PS offers programable keys to do it in one step ...my hubby does that alot  ... i like to have control over each photo .. so i do it one-by-one.. im just trying to test this "Raw" thing enough before i go out and do an actual shoot ... i wanna know what my results look like and if i can control the outcome


----------



## Dew (Sep 21, 2003)

Mr. doxx got me a plug-in for PS enabling Raw mode ... things are looking bright, im getting 16 bit channels   ... still gotta test it some more


----------



## GerryDavid (Sep 21, 2003)

Dew said:
			
		

> when i photographed my hubby, i didnt use flash .. just messing around .. him being my unassuming subject   ... some of them might end up on our website (blackmail photos :twisted: ) ....

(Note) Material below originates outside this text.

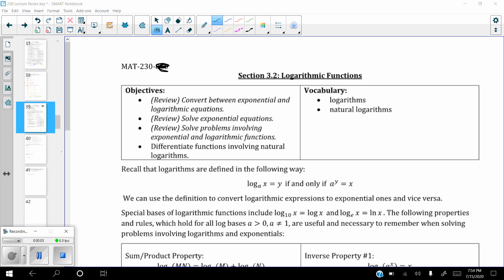Alright, section 3.2 logarithmic functions. This is the last section before the first exam. The objectives are going to be a review of converting between exponential and log equations, a review of solving some exponential equations, a review of solving problems involving exponential and log functions, and differentiating functions involving natural logs. The vocabulary is just logs and natural logs.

Hmm, hehe, so when you photographed your husband with no flash in the dark, did you expose the picture for a longer period of time than usual or just the normal picture time?  :0)  If its the 2nd case, thats sweet, hehe, and if its the first one, when I do that its usually a bit blurry since no one stands still for a few seconds.  :0).


----------



## Dew (Sep 21, 2003)

i exposed him for about 20-30 seconds in Raw mode ... there was a little light coming in from another room ... i got his shadow on the wall ... it looked like a horror flick


----------



## GerryDavid (Sep 21, 2003)

Dew said:
			
		

> i exposed him for about 20-30 seconds in Raw mode ... there was a little light coming in from another room ... i got his shadow on the wall ... it looked like a horror flick



Hehe, are you going to share any of these experiments?  At least screen sized samples? : 0)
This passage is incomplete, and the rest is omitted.